2015-09-29 14:20 GMT+02:00 Liam Proven <lproven at gmail.com>:
> A little offtopic but I hope of some interest.
> I rather miss the days of small, simple, 8-bit computers which a
> single non-specialist could really get inside and understand.
> The latest OS I've seen which addresses this longing is Interim.
> This is most of the introduction from the explanatory paper:
> Computers, networks and the software running them today are shrouded in
> mysteries and corporate secrecy. As miniaturization progresses in the name
> of mobility and energy-efficiency, an increasing amount of complex
> functionality is crammed into ever smaller System-on-Chip dies.
> The so-called "Home computers" of the 1980s contained comparably larger
> and simpler circuit boards with blocky, easily discernible DIP (Dual
> in-line package) components and circuits that could be visually understood
> by the human eye. The central processing unit (CPU) was easily identified
> by its size and exposed placement. The separate memory chips were neatly
> arranged like terraced houses. The computers worked in pedestrian
> single-digit-Mhz speeds and memory was measured in kilobytes. They shipped
> with handbooks that taught a novice reader how to program the machine, and
> a circuit diagram of the whole machine – useful for repairs – was easily
> In the 1980s home computer era, operating systems where typically stored
> in read-only memory (ROM) chips. As in modern proprietary operating
> systems, the source code was not directly available, but this was not
> strictly necessary, as they were written in assembly language and not
> "compiled" from a higher level language. Commented "dis-assemblies",
> machine code listings, were available in printed book form [Schineis1984]
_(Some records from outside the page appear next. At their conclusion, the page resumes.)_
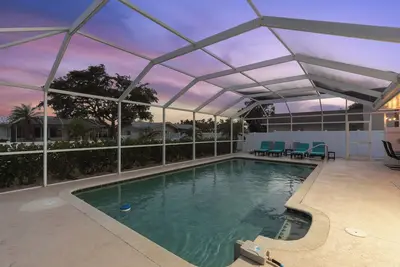 Image de 5 miles to the beach, 10 mins drive, Heated Pool!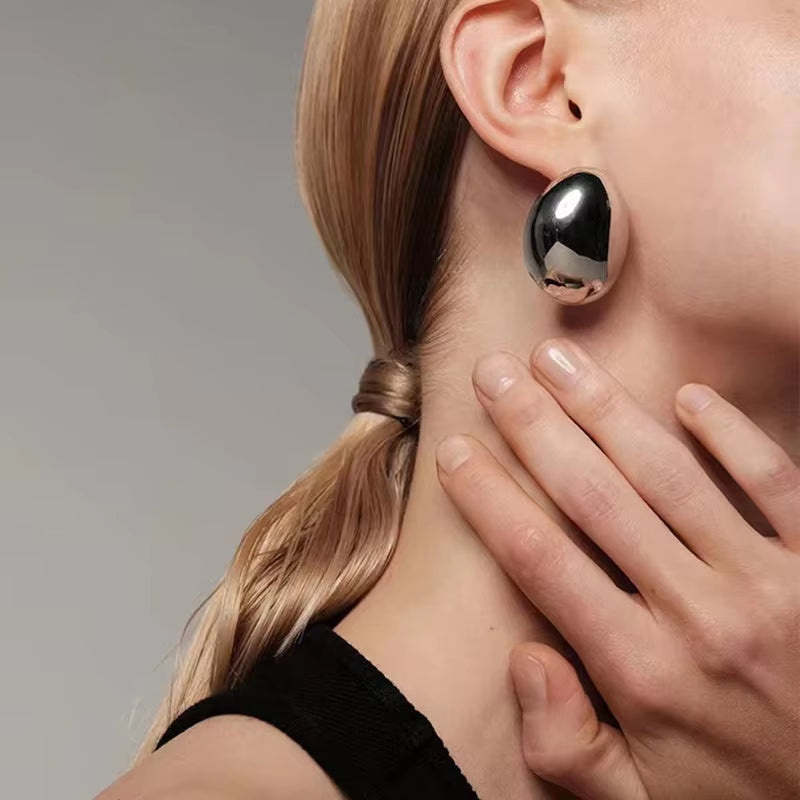 Stainless Steel Smooth Big Oval Stud Earrings for Women 2024 Exaggerated Hollow Ball Geometric Ear Buckle Earring Jewelry Gift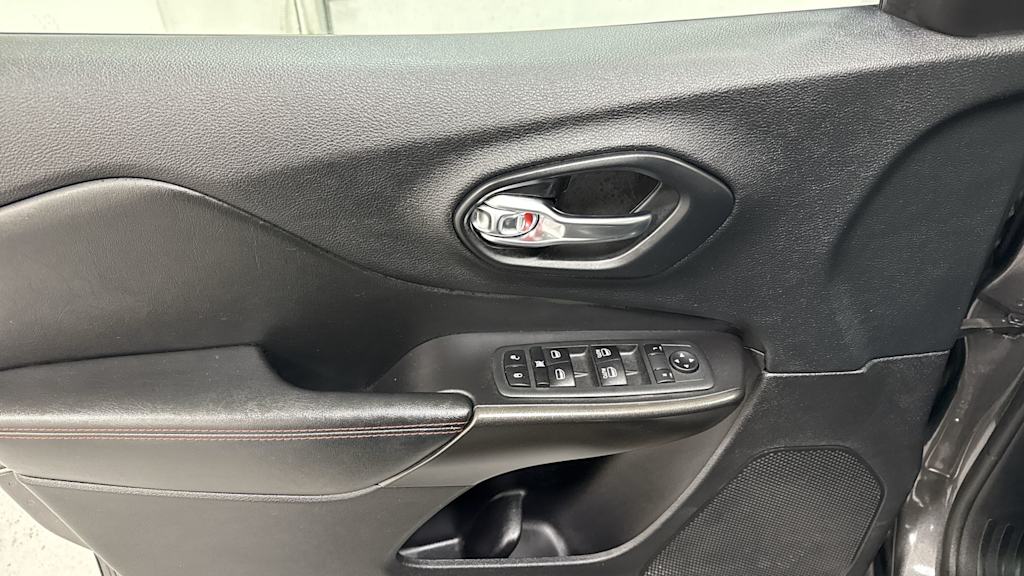 Thumbnail: 2020 Jeep Cherokee - 26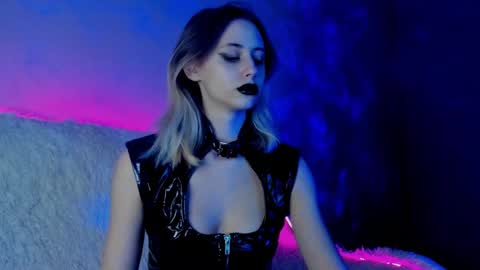 Venera  online show from February 21, 3:21 pm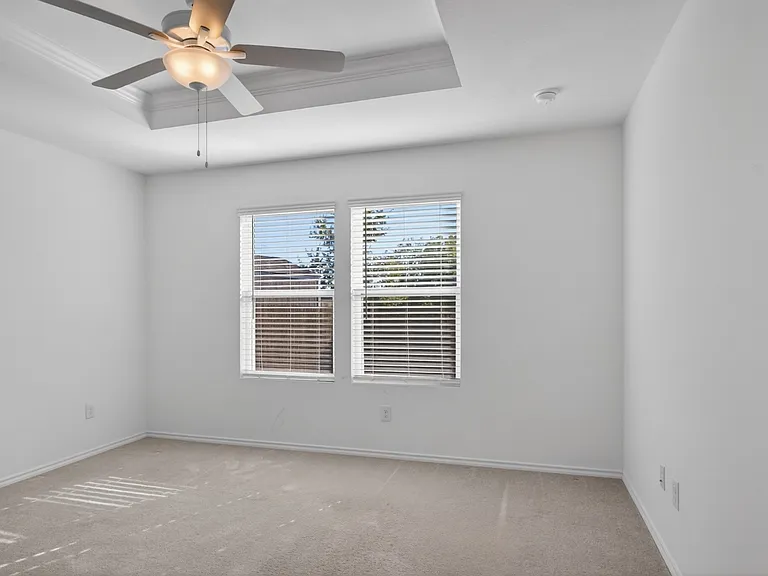 605 Grenada Lake Dr — Photo 26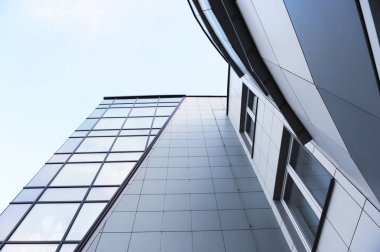 Modern mimarinin detaylı görüntüleri. Modern bileşik malzemelerin dokusu. Soyut bir arkaplan. Binaların ön cephesi metal bir profil ile tamamlandı..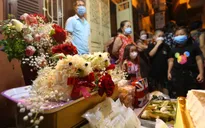 Người dân Hà Nội đón Trung thu mùa COVID-19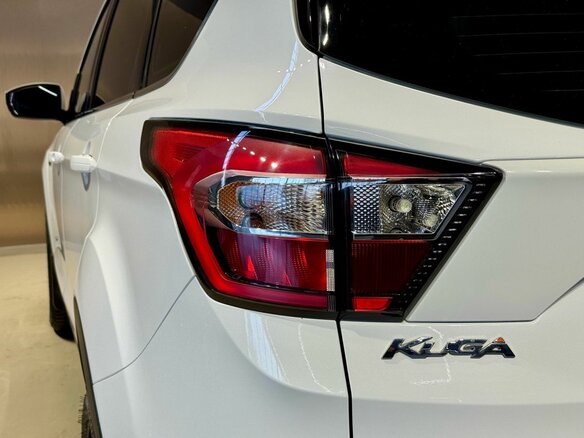 2017 Ford Kuga II Рестайлинг, белый, 1630000 рублей - вид 9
> for popular computers like the Commodore 64 and its "KERNAL" OS and BASIC
> language interpreter.
> Today, we have Linux, probably the most successful open source Unix-like
> operating system and the BSD family of OSes, but these systems and most of
> the platforms they run on (PCs, ARM-based telephones) are so complex and
> contain so many obscure components that no single book can describe their
> operating principles in full detail, and trying to understand and master
> them is a task that takes many years of study.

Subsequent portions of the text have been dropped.